The scheduler uses a simplified task stealing algorithm to balance the load of each thread. Initially, given m threads, kt_for() assigns the i-th task/cycle to thread i%m. If a thread finishes earlier than other threads, the thread will steal a task from the most loaded thread. Thus as long as there remain enough tasks, no threads will be idle.
The original task stealing algorithm uses deques, but in our simpler case, the deque can be implicit. Task pushing and stealing can be achieved in a wait-free manner with the atomic fetch-and-add operation, making the scheduler highly scalable to many threads with little overhead.

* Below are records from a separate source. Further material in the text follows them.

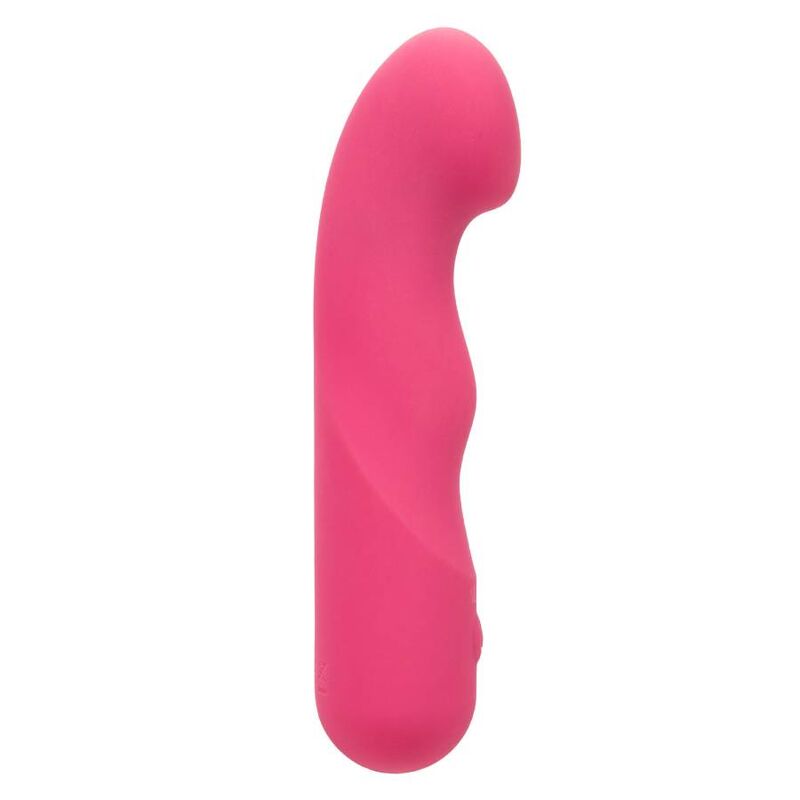 MINI VIBRATORE RICARICABILE CURVY, SILICONE LIQUIDO, 10 MODALITÀ VIBRAZIONE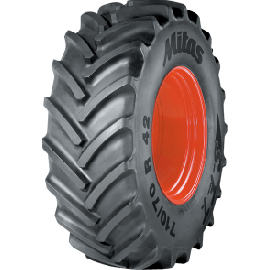 Traktora riepa Mitas SFT 710/65R30 (MIT7106530SFT) | Tractor tires | prof.lv Viss Online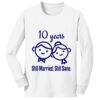 1-DAY NO MINIMUM Youth Long Sleeve Crewneck T-Shirt Thumbnail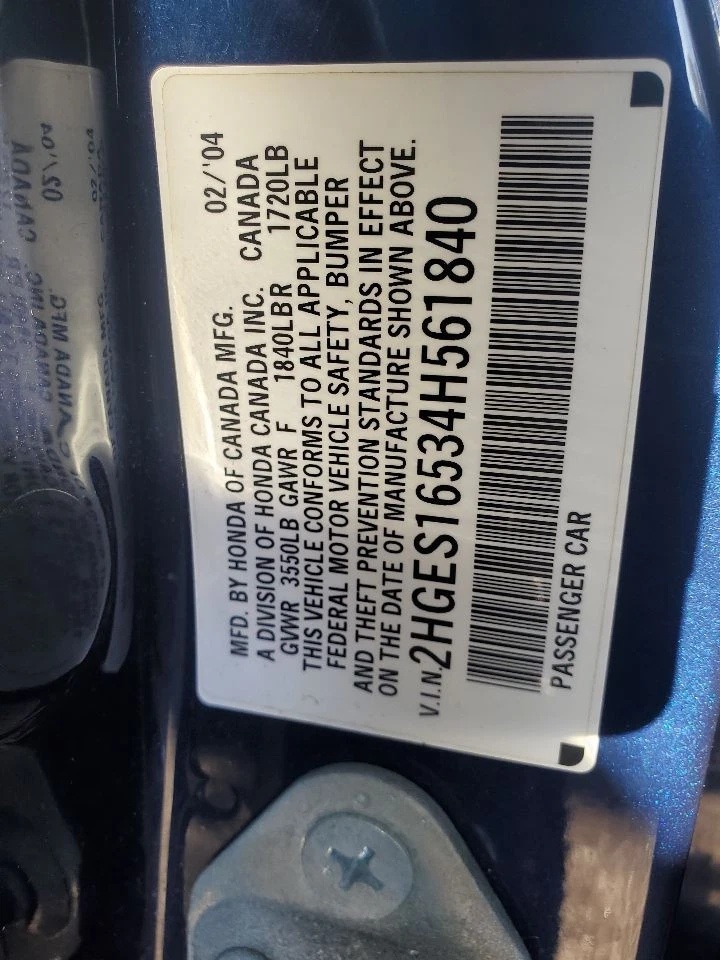 Used Alternator fits: 2004 Honda Civic Mitsubishi manufacturer 1.7L US market Gr Foto 3 de 4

To evaluate the efficiency of kt_for(), I parallelize the loop at line 32 in the following code that essentially computes the color of the Mandelbrot set in a 800×600 canvas:
#include <stdlib.h>
typedef struct {
int max_iter, w, h;
double xmin, xmax, ymin, ymax;
int *k;
} global_t;
static void compute(void *_g, int i, int tid)
{
global_t *g = (global_t*)_g;
double x, x0 = g->xmin + (g->xmax - g->xmin) * (i%g->w) / g->w;
double y, y0 = g->ymin + (g->ymax - g->ymin) * (i/g->w) / g->h;
int k;
x = x0, y = y0;
for (k = 0; k < g->max_iter; ++k) {
double z = x * y;
x *= x; y *= y;
if (x + y >= 4) break;
x = x - y + x0;
y = z + z + y0;
}
g->k[i] = k;
}
int main(int argc, char *argv[])
{
int i, tot, n_threads = 2;
global_t global = { 10240*100, 800, 600, -2., -1.2, -1.2, 1.2, 0 };
tot = global.w * global.h;
global.k = calloc(tot, sizeof(int));
for (i = 0; i < tot; ++i) compute(&global, i, 0);
free(global.k);
return 0;
}
The complete source code is at github. Here is the wall-clock time (gcc-4.7.2 and icc-13.1.3 on machine1; gcc-4.3.2 on machine2):
| kt_run | Cilk | OpenMP | |
|---|---|---|---|
| 1 CPU, machine1, gcc | 29.4 | ||
| 2 CPU, machine1, gcc | 16.0 | 17.5 | |
| 4 CPU, machine1, gcc | 8.6 | ||
| 1 CPU, machine1, icc | 26.8 | ||
| 2 CPU, machine1, icc | 14.7 | 16.3 | |
| 4 CPU, machine1, icc | 8.3 | 9.5 | |
| 1 CPU, machine2, gcc | 60.9 | ||
| 2 CPU, machine2, gcc | 30.7 | ||
| 31 CPU, machine2, gcc | 2.2 |
On this example, kt_for() is faster than both Cilk+ and OpenMP, and also scales well to tens of CPU cores. Nonetheless, it should be noted that Cilk+ and OpenMP are much more versatile than my 50-line library; the microbenchmark may also over-emphasize the scheduler overhead. Please take the result with a grain of salt.